Menkominfo juga berkomitmen untuk menyiapkan koordinasi lintas kementerian dan lembaga agar konten-konten bermuatan negatif tidak merusak kedamaian di ruang digital menjelang pesta demokrasi di 2024. Salah satunya, untuk penanganan konten radikalisme, Kominfo berkoordinasi dengan Kementerian Agama. Selain itu, Mantan Narapidana Terorisme Anriansyah alias Abu Bakar meminta masyarakat untuk mendukung penuh Pemilu 2024 agar berjalan dengan damai tanpa perpecahan di tengah masyarakat.
Selain mendukung Pemilu, Anriansyah dengan tegas mendukung penuh program pemerintah dalam memberantas paham intoleran, radikalisme dan terorisme khususnya di dunia digital. Kelompok radikal sering memanipulasi sentimen terhadap agama, termasuk memanipulasi gerakan maupun ajakan di media sosial dengan label gerakan dakwah, yang merupakan strategi tertentu agar mengganggu jalannya pelaksanaan Pemilu 2024.
Kelompok radikal atau aktor asing juga dapat memanfaatkan media sosial dan platform online untuk menyebarkan hoaks, berita palsu, dan propaganda yang dirancang untuk mempengaruhi pemilih dan menciptakan ketidakpercayaan terhadap proses pemilu. Selain itu, kelompok radikal akan berupaya untuk mengintimidasi pemilih atau kandidat yang mungkin tidak sejalan dengan pandangan mereka, sehingga kelompok radikal dapat terlibat dalam tindakan kekerasan, ancaman, atau kampanye intimidasi.
Adanya ancaman radikalisme jelang Pemilu 2024 tersebut, pihak berwenang harus memperkuat kerangka hukum untuk menghadapi radikalisme di ruang digital, termasuk Undang-Undang yang mengatur penggunaan media sosial, sanksi bagi pelaku radikalisme, dan peraturan perlindungan privasi.
Upaya penangkalan konten radikalisme, terorisme maupun hoaks dilakukan untuk memastikan berlangsungnya Pemilu yang produktif dan sehat bagi masyarakat Indonesia. Selain itu kewaspadaan masyarakat terhadap konten-konten radikalisme juga harus ditingkatkan, karena apabila tidak, masyarakat dapat terpengaruh sehingga berdampak pada kehidupan sosialnya.

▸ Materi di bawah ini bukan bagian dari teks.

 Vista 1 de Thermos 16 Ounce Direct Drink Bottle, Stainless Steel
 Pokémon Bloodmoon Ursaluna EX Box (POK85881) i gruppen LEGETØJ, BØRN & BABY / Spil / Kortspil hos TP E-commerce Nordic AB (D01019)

Untuk menangkal penyebaran ideologi terorisme di masyarakat, harus dilakukan penguatan civil society. Caranya dengan melakukan pembinaan dan penyadaran kepada masyarakat yang kerap menjadi target rekrutmen anggota teroris. Maka dalam diri dan jiwa individu masyarakat, harus terus menggelorakan semangat persatuan, untuk melawan radikalisme dan terorisme, serta menjaga persatuan dan persaudaraan, agar tetap bisa hidup berdampingan dalam perbedaan.

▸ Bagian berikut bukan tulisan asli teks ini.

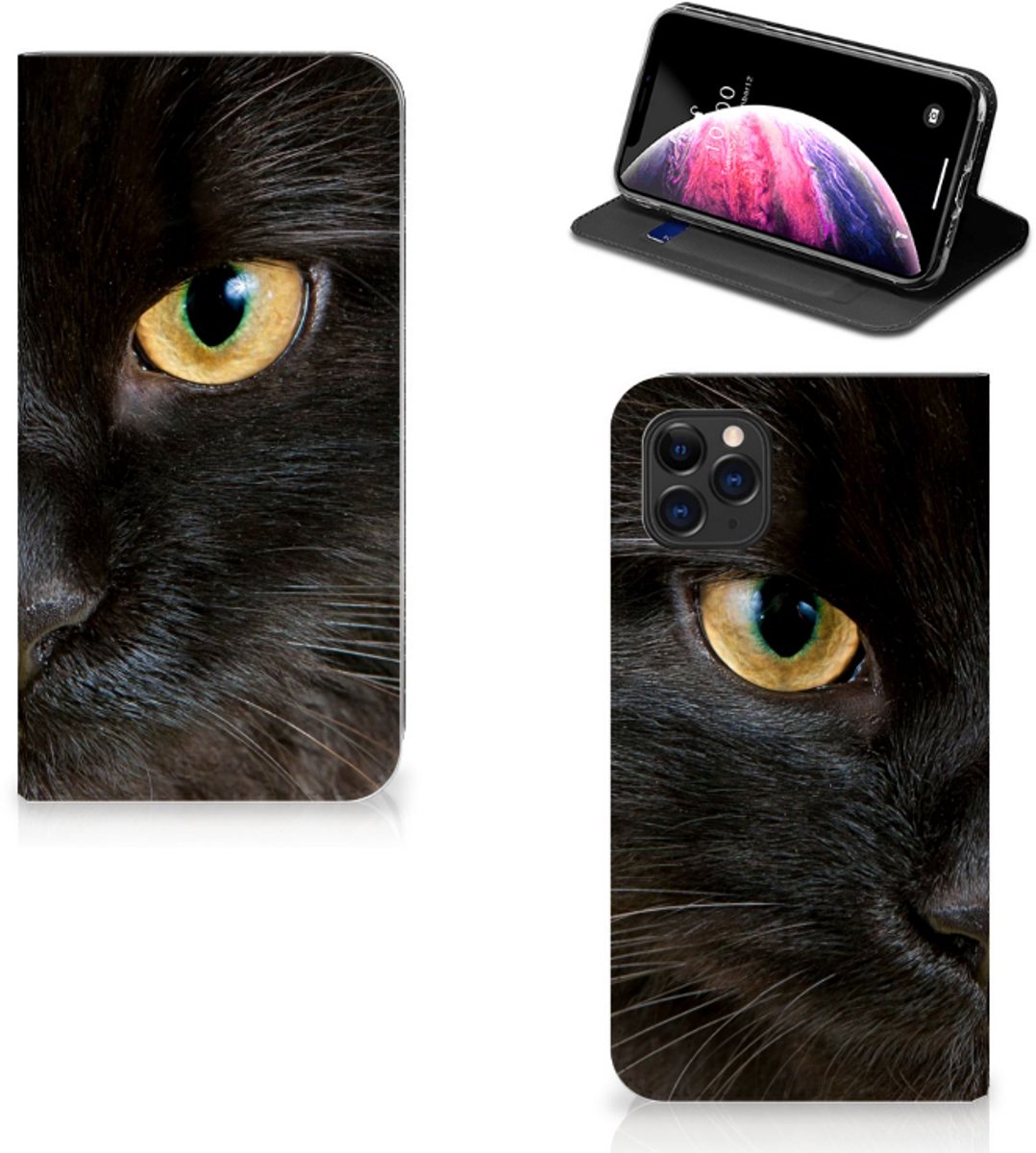 Apple iPhone 11 Pro Max Hoesje maken Zwarte Kat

Esensi pelaksanaan pemilu adalah menyatukan sesama anak bangsa dan memberikan kontribusi bagi peningkatan kualitas demokrasi. Oleh karena itu, pemerintah mengajak masyarakat ambil bagian dan berperan untuk menjaga ruang digital yang aman dan sehat dengan membagikan konten-konten yang positif.